Nostalgia

NOSTALGIA

Remember blasts from the past.

Some of the greatest science fiction films ever made did not start with a screenwriter. They started with a book.

The film publication Collider recently ranked the ten greatest sci-fi movies based on books. The list included some titles that will ring a bell: Blade Runner from 1982, The Thing, also from 1982, and the 2006 film Children of Men.

But the film that landed at the very top of the list is one you might not have seen. It is a Soviet film from 1979 called Stalker, directed by Andrei Tarkovsky. It holds a perfect 100 percent score on Rotten Tomatoes.

The screenplay was written by Arkady and Boris Strugatsky, two brothers who based it on their own 1972 novel, Roadside Picnic.
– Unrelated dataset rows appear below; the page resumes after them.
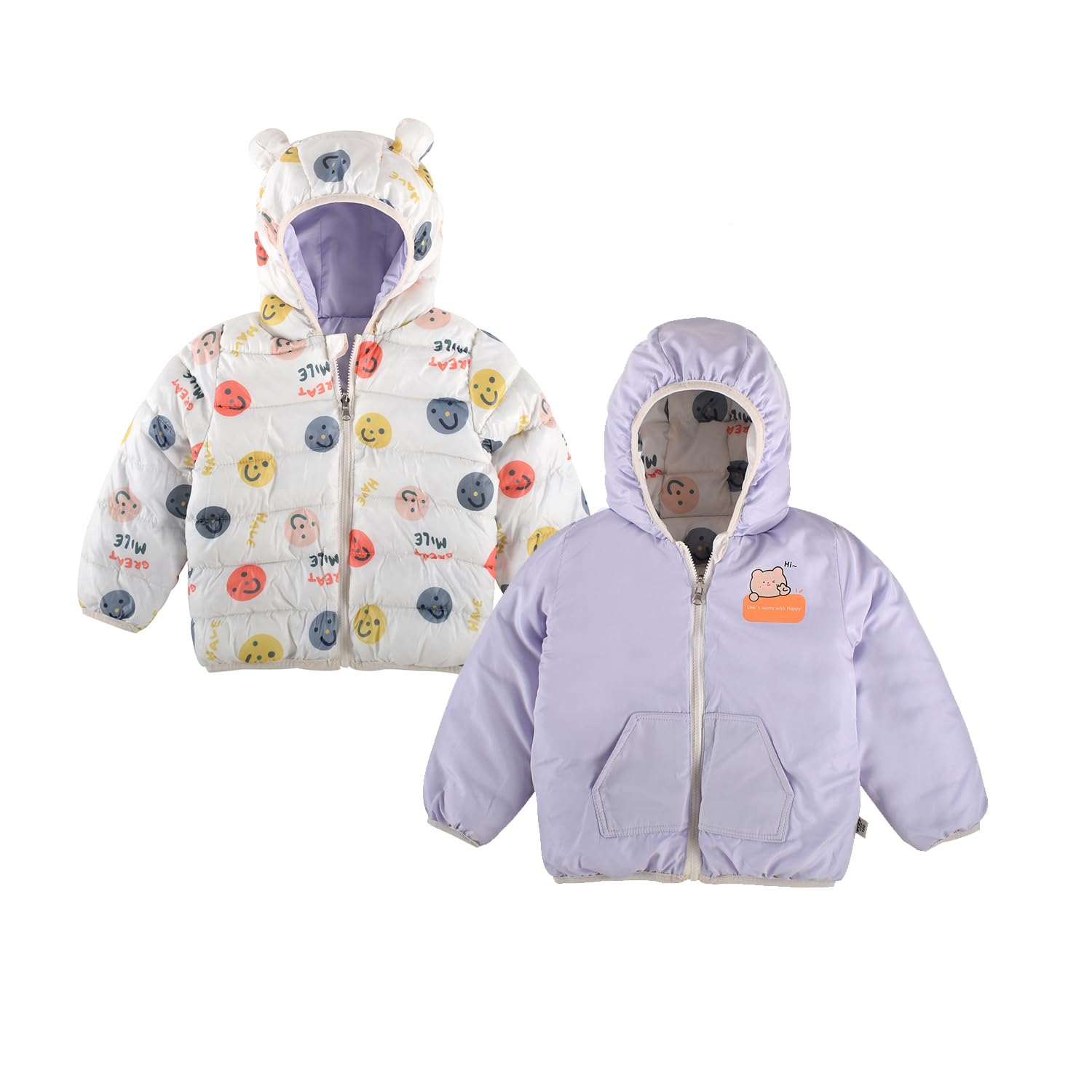 Bold N ElegantCartoon Print Reversible Winter Standard Length Puffer Jacket For Kids Hooded Coat Jacket With Fleece Lining For Boy's & Girls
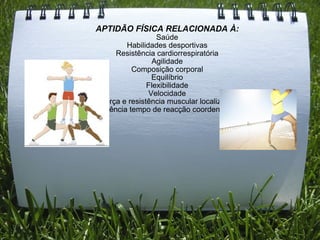 APTIDÃO FÍSICA RELACIONADA À: Saúde Habilidades desportivas Resistência cardiorrespiratória Agilidade Composição corporal Equilíbrio Flexibilidade Velocidade Força e resistência muscular localizada Potência tempo de reacção coordenação 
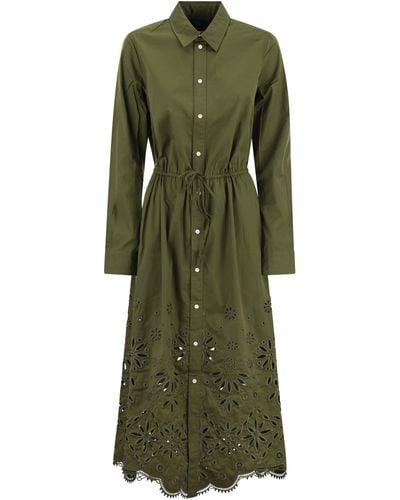 Polo Ralph Lauren Embroidered Drawstring-waist Cotton Midi Dress - Green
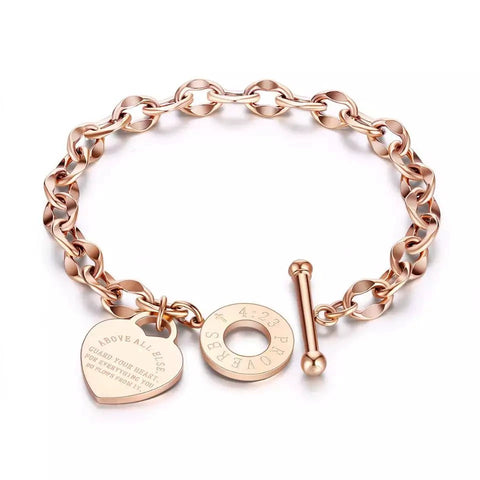 YSHomy Heart Pendant Bracelet with OT Buckle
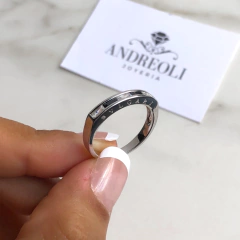 anillo medio sin fin cubics blancos y negros (cod an282) - comprar online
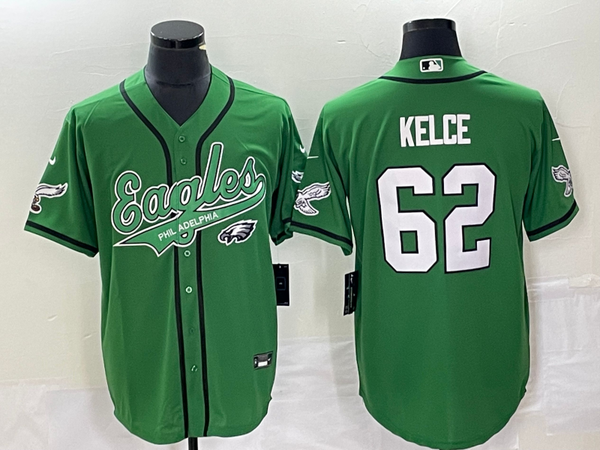 Men's Philadelphia Eagles Jason Kelce #62 Kelly Green Game Jersey Joint Edition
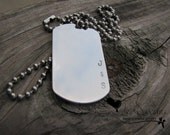 Personalized Hand Stamped Dog Tag in Stainless Steel  GREAT GIFT for Valentine's Day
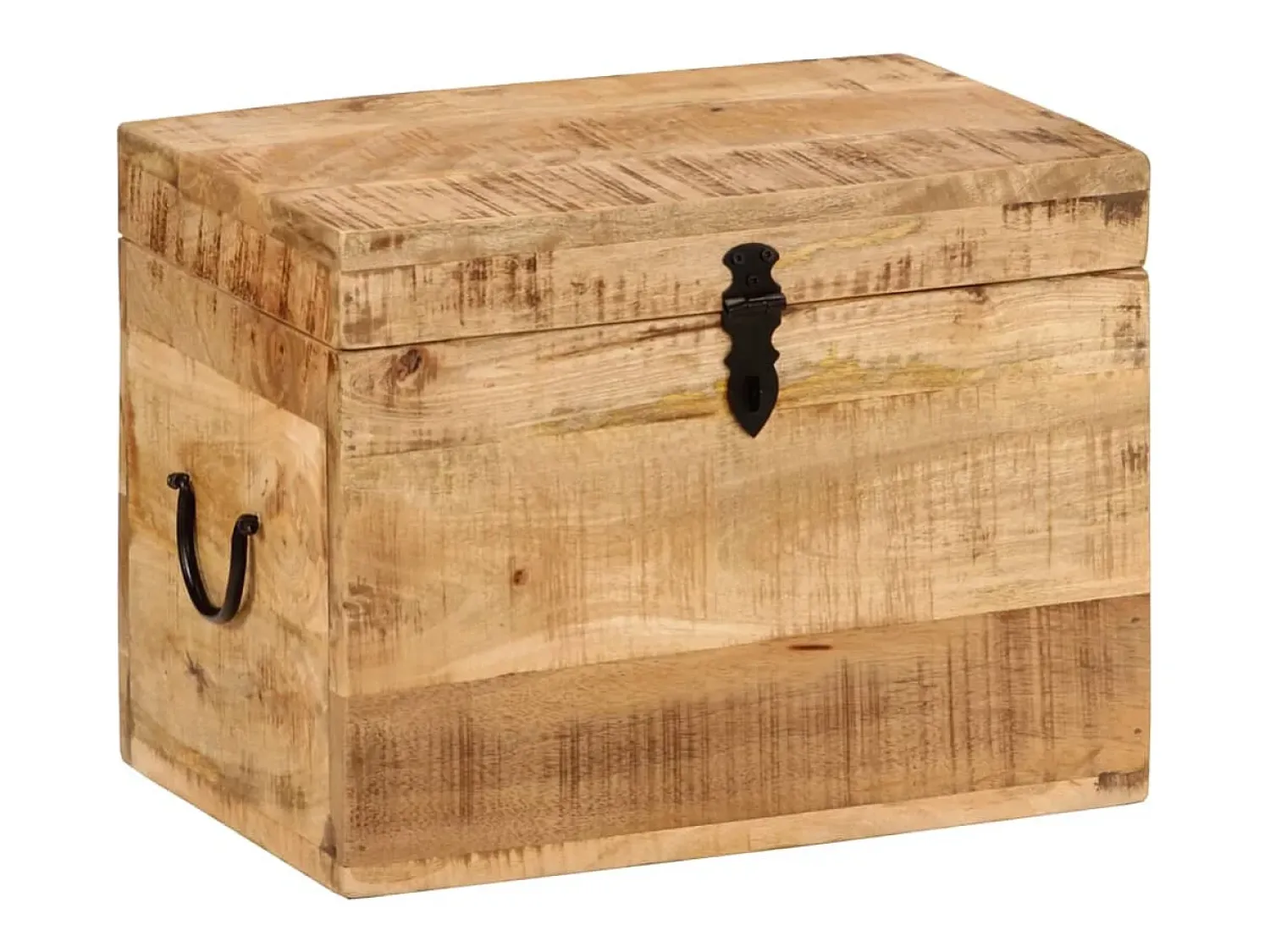 Acessórios De Arrumação|vidaxl Caixa de arrumação 39x28x31 cm madeira de mangueira maciça Natural claro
That said, Tarkovsky was quick to point out just how different the book and the film really are.

In a 1979 interview with Italian screenwriter Tonino Guerra, Tarkovsky said the two works share almost nothing in common. “The screenplay of Stalker has only two words, two names, in common with the Strugatskys’ novel Roadside Picnic: Stalker and Zone,” he explained.

The film almost belonged to someone else entirely. Tarkovsky said he had originally suggested the novel to his friend, director Georgy Kalatozishvili, thinking it might interest him. Kalatozishvili could not reach an agreement with the Strugatsky brothers, though, and walked away from the project.

white storefront

That is when the idea started coming back to Tarkovsky himself. He told Guerra that he began to see a film built around what he called the classic Aristotelian unities: a single place, a concentrated span of time, and one clear action.
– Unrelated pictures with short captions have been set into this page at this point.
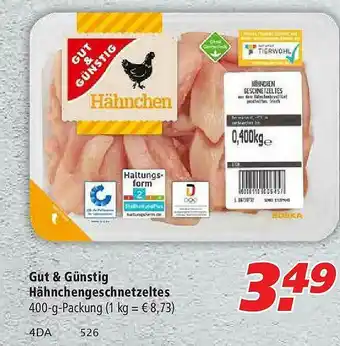 Marktkauf Gut & Günstig Hähnchengeschnetzeltes Angebot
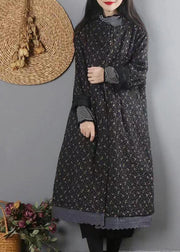 Organic Black Print Lace Patchwork Fine Cotton Filled Coat Winter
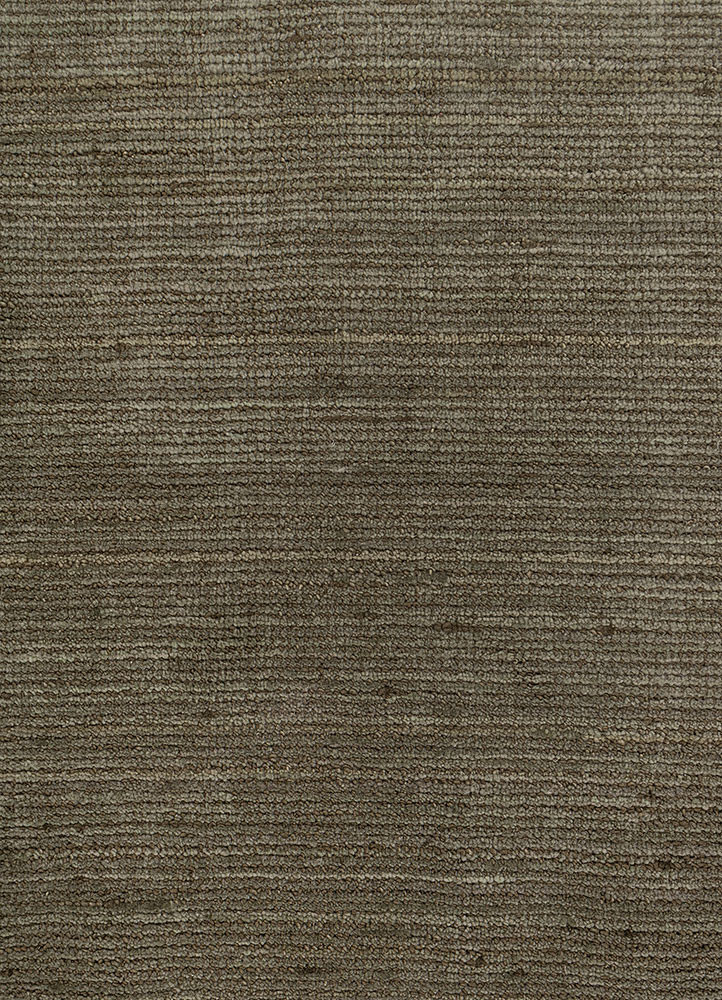 basis green wool hand loom Rug - CloseUp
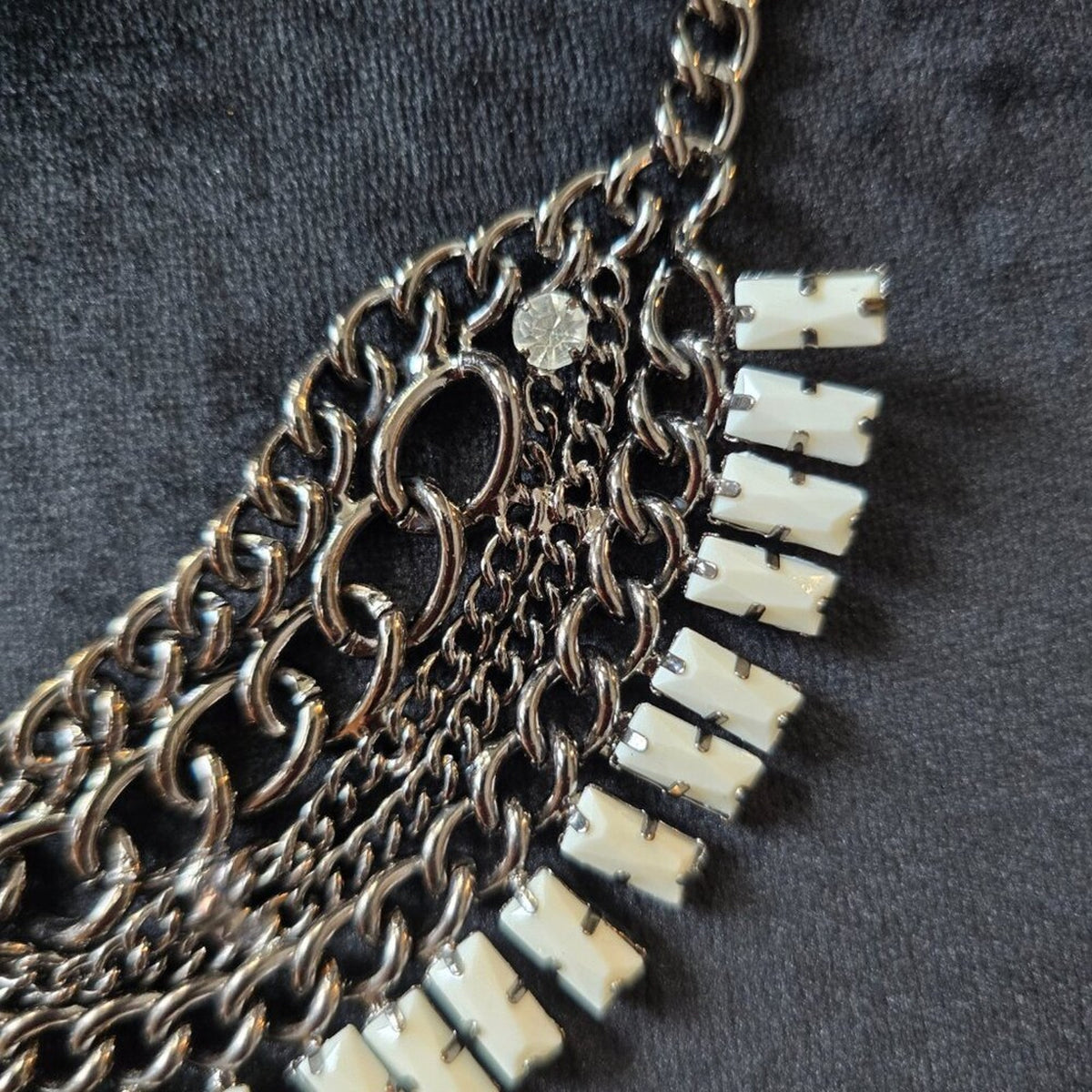 Womens White Chiclet Drops Bead Silver Tone Statement Bib Necklace Lobster Clasp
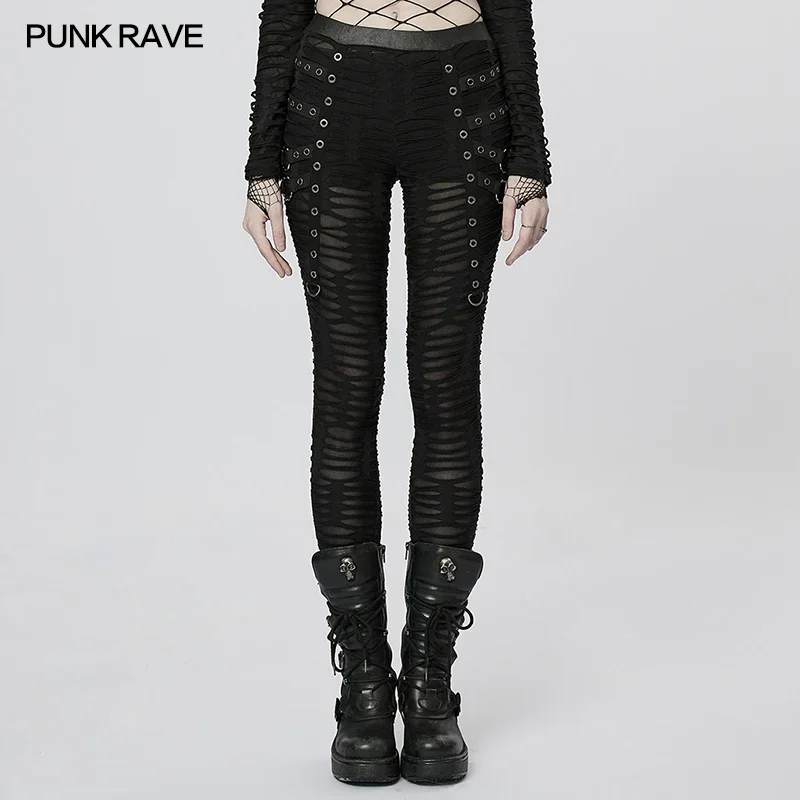 Mallas-ajustadas-con-ojales-PUNK-RAVE-para-mujer-pantalones-negros ...
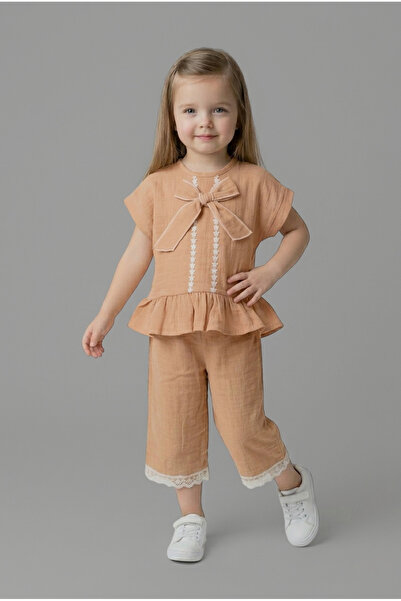Beray Bebe Girl's Ruffled Muslin Set |   Bow-Tie Blouse Capri Pants |   Lace ...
“These classic Aristotelian unities, it seemed to me, allow one to arrive at authentic cinema,” he said. He wanted the story to express what he called the philosophy and condition of the contemporary intellectual.

Tarkovsky died in 1986 at the age of 54. But the film he made that year, the one that almost never happened, is still being talked about and celebrated more than four decades later.

If Stalker has been sitting on your list, this might be the nudge to finally watch it.